▶ **Problem to work on**:
Output each line of the data word for word, from the first through the line that holds "مدخرات ديسمبر in الوكرة", and leave off whatever follows.
======== Input data
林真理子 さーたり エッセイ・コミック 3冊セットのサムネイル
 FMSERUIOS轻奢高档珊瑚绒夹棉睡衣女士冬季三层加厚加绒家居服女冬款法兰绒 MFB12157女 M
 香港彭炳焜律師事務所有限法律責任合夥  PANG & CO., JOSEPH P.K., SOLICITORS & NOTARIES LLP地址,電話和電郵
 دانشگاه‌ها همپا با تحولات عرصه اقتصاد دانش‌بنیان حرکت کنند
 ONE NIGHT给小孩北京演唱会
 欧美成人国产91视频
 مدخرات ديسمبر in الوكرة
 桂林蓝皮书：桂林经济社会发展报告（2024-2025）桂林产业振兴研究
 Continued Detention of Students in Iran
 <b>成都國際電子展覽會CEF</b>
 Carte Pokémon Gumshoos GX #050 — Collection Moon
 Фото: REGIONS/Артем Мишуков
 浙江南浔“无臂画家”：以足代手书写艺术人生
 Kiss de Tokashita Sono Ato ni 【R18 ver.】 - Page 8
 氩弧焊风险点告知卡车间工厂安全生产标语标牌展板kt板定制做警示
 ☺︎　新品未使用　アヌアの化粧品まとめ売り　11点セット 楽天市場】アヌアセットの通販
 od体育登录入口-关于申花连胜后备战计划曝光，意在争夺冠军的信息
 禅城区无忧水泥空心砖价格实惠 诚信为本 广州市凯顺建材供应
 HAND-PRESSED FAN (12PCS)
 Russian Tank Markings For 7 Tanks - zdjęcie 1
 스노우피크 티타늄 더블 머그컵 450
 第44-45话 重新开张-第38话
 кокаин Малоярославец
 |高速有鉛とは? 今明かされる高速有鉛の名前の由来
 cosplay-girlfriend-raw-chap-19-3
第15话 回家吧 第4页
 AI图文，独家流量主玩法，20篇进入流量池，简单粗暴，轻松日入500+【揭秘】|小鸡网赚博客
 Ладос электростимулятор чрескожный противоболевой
================
▶ **Exercise result**:
林真理子 さーたり エッセイ・コミック 3冊セットのサムネイル
 FMSERUIOS轻奢高档珊瑚绒夹棉睡衣女士冬季三层加厚加绒家居服女冬款法兰绒 MFB12157女 M
 香港彭炳焜律師事務所有限法律責任合夥  PANG & CO., JOSEPH P.K., SOLICITORS & NOTARIES LLP地址,電話和電郵
 دانشگاه‌ها همپا با تحولات عرصه اقتصاد دانش‌بنیان حرکت کنند
 ONE NIGHT给小孩北京演唱会
 欧美成人国产91视频
 مدخرات ديسمبر in الوكرة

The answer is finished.